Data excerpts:
┄┄┄┄┄┄┄┄┄┄

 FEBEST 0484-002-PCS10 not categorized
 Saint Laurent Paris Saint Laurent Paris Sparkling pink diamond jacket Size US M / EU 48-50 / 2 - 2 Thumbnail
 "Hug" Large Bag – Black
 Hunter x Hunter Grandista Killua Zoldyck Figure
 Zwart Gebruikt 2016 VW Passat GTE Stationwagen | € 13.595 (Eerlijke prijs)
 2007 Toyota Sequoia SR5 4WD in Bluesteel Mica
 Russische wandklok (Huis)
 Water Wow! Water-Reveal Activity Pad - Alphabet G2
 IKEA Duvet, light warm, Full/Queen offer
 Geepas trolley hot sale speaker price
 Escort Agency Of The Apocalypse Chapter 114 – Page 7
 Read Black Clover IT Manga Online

┄┄┄┄┄┄┄┄┄┄

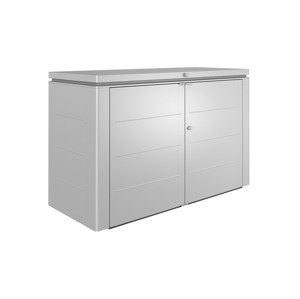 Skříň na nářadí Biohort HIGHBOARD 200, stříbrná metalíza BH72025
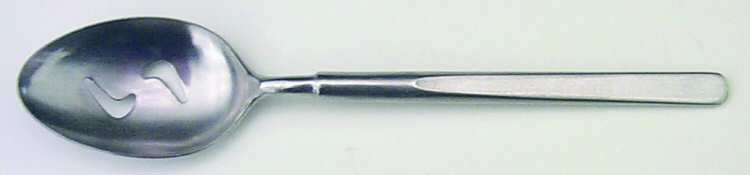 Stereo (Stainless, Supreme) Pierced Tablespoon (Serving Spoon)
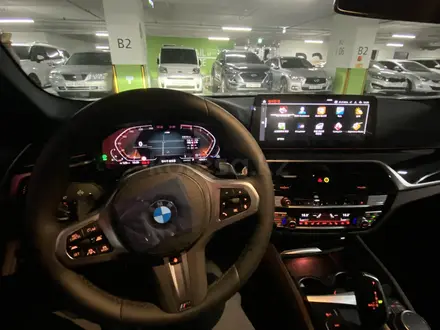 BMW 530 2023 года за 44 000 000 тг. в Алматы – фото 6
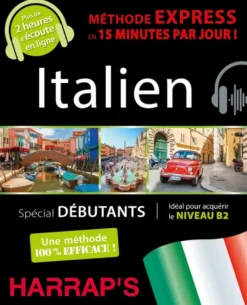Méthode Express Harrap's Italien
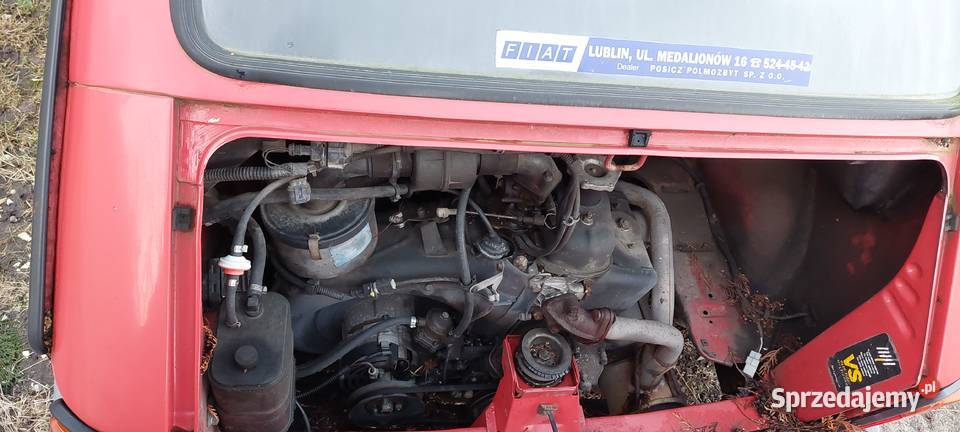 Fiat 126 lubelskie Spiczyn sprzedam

┄┄┄┄┄┄┄┄┄┄

_Task statement_
Look above for the line holding "Saint Laurent Paris Saint". Print it and every line after it, exactly, through the line holding "Russische wandklok (Huis)".

_Answer space_
 Saint Laurent Paris Saint Laurent Paris Sparkling pink diamond jacket Size US M / EU 48-50 / 2 - 2 Thumbnail
 "Hug" Large Bag – Black
 Hunter x Hunter Grandista Killua Zoldyck Figure
 Zwart Gebruikt 2016 VW Passat GTE Stationwagen | € 13.595 (Eerlijke prijs)
 2007 Toyota Sequoia SR5 4WD in Bluesteel Mica
 Russische wandklok (Huis)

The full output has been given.